Daily Watch – Shell expands gas project in Niger Delta, Agric exchange goes live in 2018

  • The FG will inaugurate the $200 million (₦61 billion) local content intervention fund today. The Nigerian Content Intervention Fund would be directed at increasing local content in the oil and gas industry and would be used for projects and other activities in the sector. Petroleum ministry officials say the initiative is in pursuant of the Business Environment and Investment Drive Component of the #7BIGWINS – a document of the ministry that focuses on the short and medium-term priorities targeted at growing the nation’s oil and gas industry between 2015 and 2019. A ministry document describes the fund’s objective as creating “a commercially oriented and profit-driven business environment that encourages increased private sector investment; open up the sector to full private sector participation and reduce government dominance and monopoly in the downstream and midstream sectors.”
  • FIRS has closed down an MRS Oil facility in Lagos over a tax debt amounting to ₦497.1 million, an action the agency described as part of measures being taken against tax-defaulting companies in the country. An enforcement team reportedly sealed off the MRS premises at Tin Can Island Road, Apapa. The FIRS enforcement team had last month sealed off four companies in Lagos and Port Harcourt for reportedly failing to meet their tax obligations totalling ₦630 million. The agency had told the defaulting firms that the companies’ premises would be unsealed when they cleared their outstanding tax bills.
  • Royal Dutch Shell has started gas production from the second phase of the Gbaran-Ubie project in Nigeria’s Niger Delta. The project is an expansion of the Gbaran-Ubie development, which opened in June 2010. Shell, through its Shell Petroleum Development Company of Nigeria subsidiary, said the project would reach peak production of around 175,000 barrels of oil equivalent per day in 2019.

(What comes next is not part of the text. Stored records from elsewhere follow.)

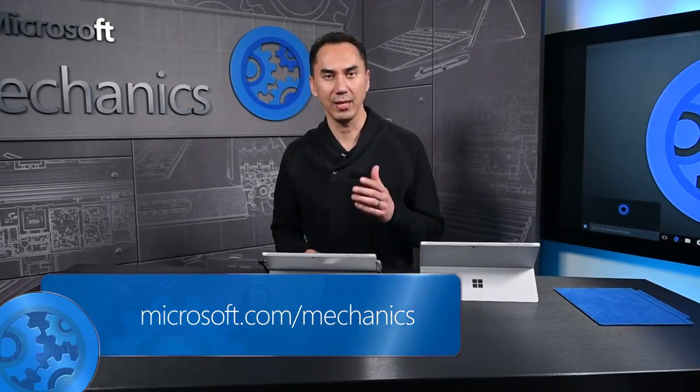I hope this quick tour of the Surface Pro 4 helps you to get the most out of Microsoft Surface devices in your organization. Keep watching DemoBench on Microsoft Mechanics for the latest information on Microsoft Surface. Thanks for watching.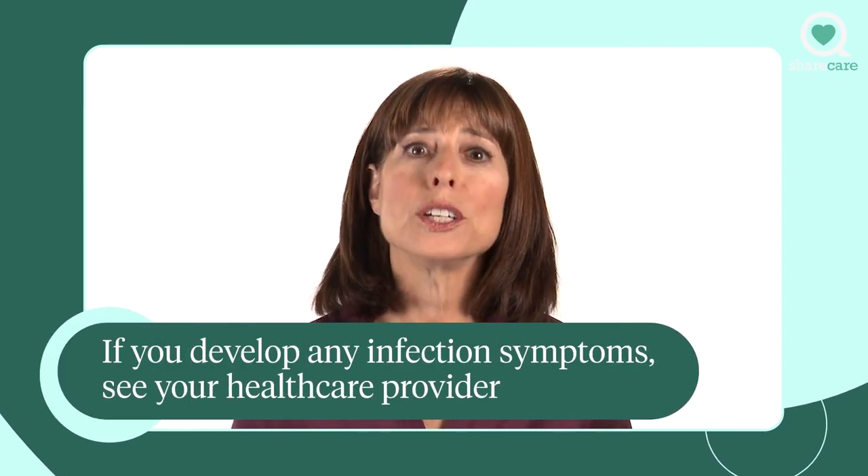If you develop pain, itchiness, redness, or pus, see your doctor. You may need antibiotic ear drops. I'm Dr. Miller. For more ways to stay healthy, watch all our smart tips.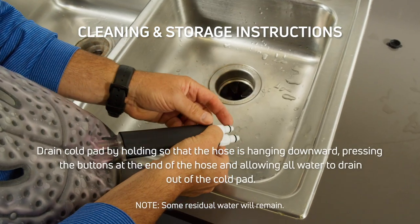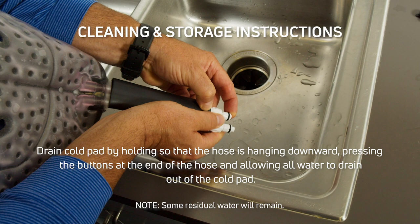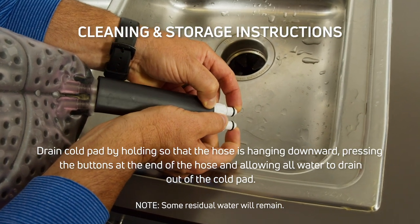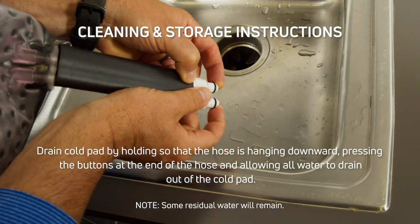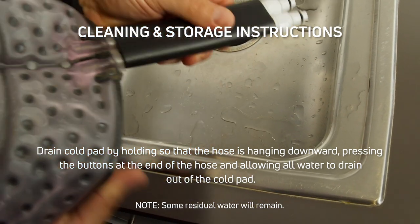Drain the cold pad by holding it so that the hose is hanging downward, pressing the buttons at the end of the hose and allowing all water to drain out of the cold pad. It is common and expected that some residual water will remain inside the cold pad.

  • A Nigerian startup is developing a new agricultural commodities exchange to take advantage of the government’s efforts to boost farming output to reduce reliance on oil. The exchange, Integrated Produce City will be located near Benin City, a site accessible to nearby growers of cocoa, palm oil, rubber and cassava, Chief Executive Officer Pat Utomi told Bloomberg. Integrated Produce City will have storage facilities, including refrigerated warehouses, and host processing plants on its 100-hectare (247-acre) site in Edo state’s Ugbokun village when it starts operating by the end of 2018. Cocoa, palm produce, cashew nuts and rubber are among the products to be traded on the exchange. Others are fresh fruit and vegetables, grains and tubers such as cassava and yams.

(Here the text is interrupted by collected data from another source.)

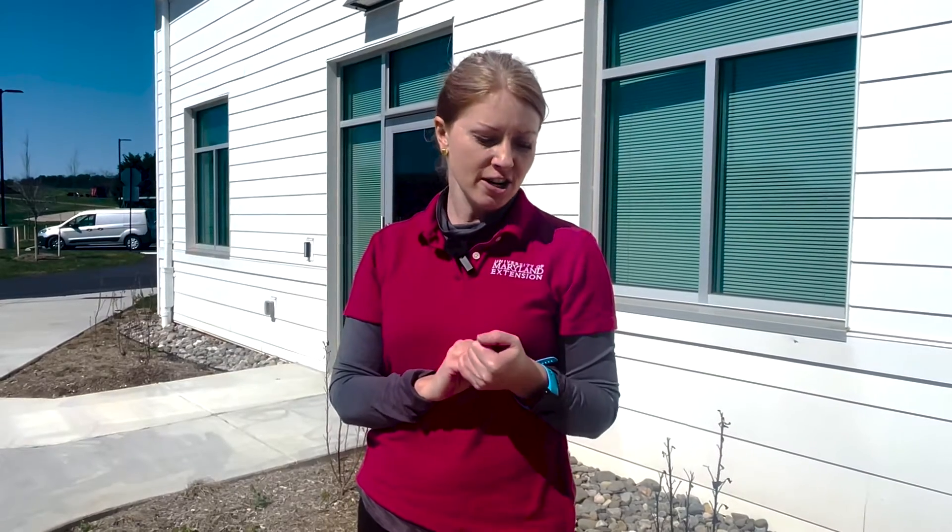Hi, my name is Emily with the University of Maryland Extension, and today we're going to show you how to take a soil sample to get tested. I'm here at our new location at the Central Maryland Research and Education Center, and we're going to test the soil in these new garden beds.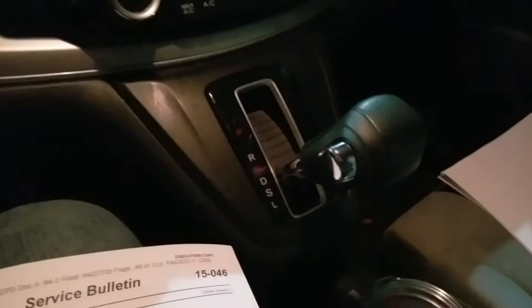I'm hoping to get this problem resolved. I have service bulletin 15046, which should cover the issue where your car is vibrating while stopped and the vehicle is in gear. I have my foot on the brake, I'm in drive, and the car is vibrating.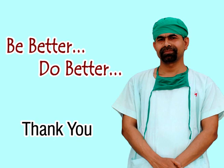I hope this short video will give you some tips for this short procedure. See you soon. Thank you.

  • Nigerian fuel distributor Nipco has bought another 3.23 percent stake in 11, the fuel retailer formerly known as Mobil Oil Nigeria, for ₦4.84 billion ($16 million) to increase its holding to 70 percent. Nipco’s investment subsidiary in October bought 60 percent of Mobil Oil Nigeria from Exxon Mobil when the U.S. giant pulled out of downstream fuel distribution in Nigeria. Having amassed a stake of almost 67 percent, it wanted to increase that holding to around 70 percent. Under Nigerian takeover rules, it had to offer the same price of ₦417.12 per share to minority investors. Mobil Oil Nigeria was founded in 1951 and operates more than 200 petrol stations in the country. It also owns three plants that manufacture lubricants, petroleum jelly, and insecticides in Nigeria’s commercial capital, Lagos.